Zur Sicherung der kommunalen Finanzkraft soll eine Gemeindewirtschaftsteuer als Zuschlag auf das in der Kommune erwirtschaftete Einkommen natürlicher Personen und Unternehmen erhoben werden. Die Höhe der Gemeindewirtschaftsteuer soll von den Kommunen innerhalb bestimmter Bandbreiten festgelegt werden können.
Bei natürlichen Personen und Unternehmen sollen das Einkommen beziehungsweise der Gewinn mit einem einheitlichen Steuersatz von 22 Prozent und einem Zuschlag von bis zu drei Prozentpunkten für eine Gemeindewirtschaftsteuer belegt werden. Für Erwachsene soll ein Grundfreibetrag von 15.000 Euro eingeführt werden (Kinder 12.000). Grund- und andere Freibeträge sollen automatisch angepasst werden mit dem Ziel, die durchschnittliche Steuerbelastung für das entsprechend der Inflation gestiegene zu versteuernde Einkommen konstant zu halten.
Abschaffung des Solidaritätszuschlags
Den Solidaritätszuschlag will die AfD-Fraktion abschaffen. „Außerdem sollen die Steuersubventionen und Ausnahmetatbestände sowie Sonderregelungen entfallen, die steuersystematisch nicht zu rechtfertigen, kompliziert zu administrieren sind und die die Bemessungsgrundlage für die Besteuerung verkleinern“, fordert die AfD-Fraktion.
Zur Begründung heißt es, Deutschland befinde sich mit der Abgabenlast an der Spitze der Industriestaaten und werde bei der Belastung von Arbeitnehmereinkommen nur von Belgien übertroffen. Das hohe Abgabenniveau führe dazu, dass das Land für Fachkräfte unattraktiv geworden sei. Gut ausgebildete Arbeitnehmer würden eher aus Deutschland auswandern, als dass sie einwandern.
Zweiter Antrag der AfD
Die AfD-Fraktion will Familien steuerlich stark entlasten und dafür das Ehegattensplitting zu einer umfassenden Familienförderung umbauen. In einem Antrag (21/590) verlangt die Fraktion, anstelle der bisherigen steuerlichen Behandlung der Kinder durch Kinderfreibeträge sollten auch für Kinder großzügig bemessene Grundfreibeträge zur Anwendung kommen. Dies solle auch für Alleinerziehende gelten. Insgesamt solle erreicht werden, dass Arbeitnehmer-Familien ab dem dritten Kind bis zu einem Brutto-Jahreseinkommen in Höhe von 85.000 Euro keine Einkommensteuer zahlen müssen. Das Kindergeld soll weiterhin unabhängig von der steuerlichen Familienförderung erhalten werden.

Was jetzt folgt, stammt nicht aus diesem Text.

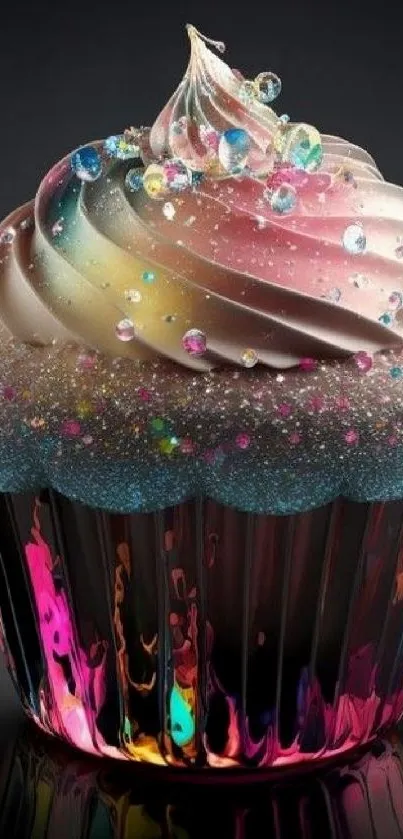 Colorful cupcake with sparkling gems and rainbow icing on a dark background.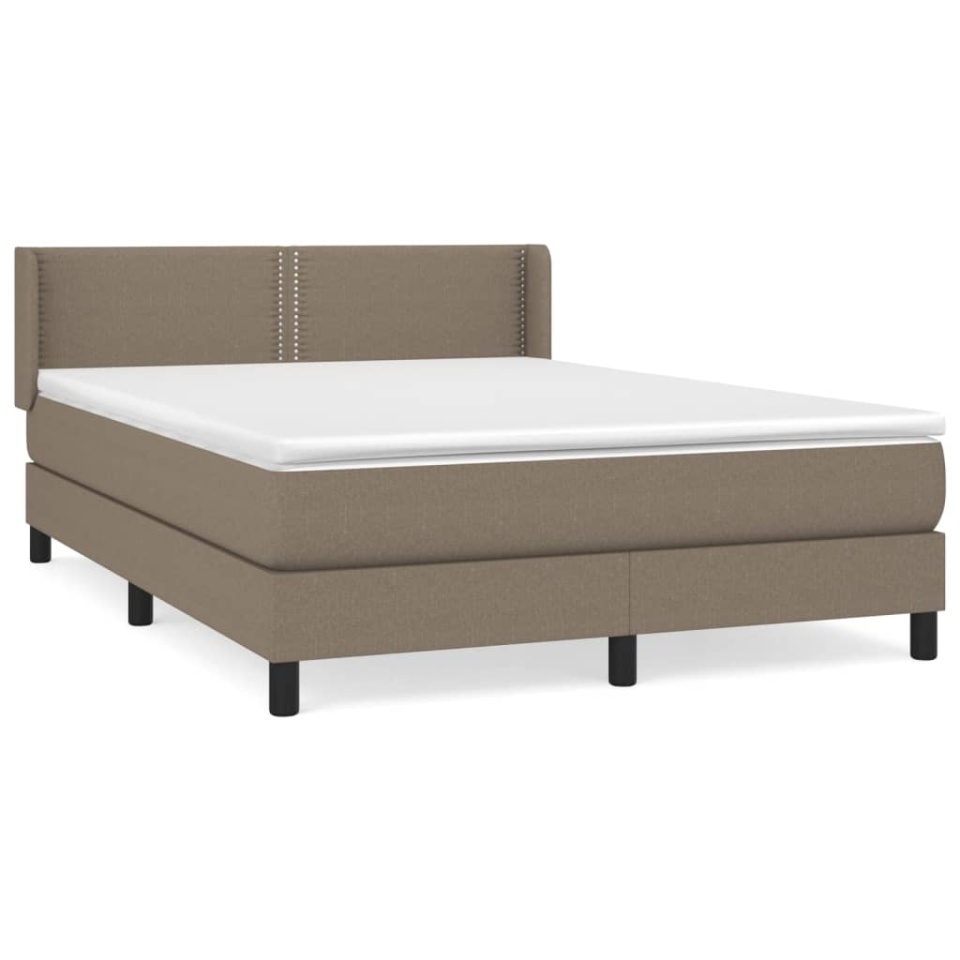 Pat continental cu saltea gri taupe 140x200 cm material textil - 1 | YEO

Eines der größten Hindernisse bei der Familiengründung seien die hohen Kosten, schreibt die AfD-Fraktion in ihrem Antrag. Rund 58 Prozent der Deutschen hätten in einer Umfrage zu den Gründen für Kinderlosigkeit angegeben, dass Kinder einen zu großen Kostenfaktor darstellen würden. Daraus folge, dass die derzeitige steuerliche Entlastung und Förderung für Familien mit Kindern durch Ehegattensplitting und Kinderfreibeträge nicht ausreiche, um dem seit 50 Jahren stetig wachsenden Geburtendefizit entgegenzuwirken. Die Erweiterung des bestehenden Ehegattensplittings zu einem umfassenden Familienförderung sei eine geeignete Maßnahme, um die Familie als Wirtschaftseinheit steuerlich besser abzubilden als das bisherige System mit Freibeträgen und Günstigerprüfung beim Kindergeld. (bal/06.11.2025)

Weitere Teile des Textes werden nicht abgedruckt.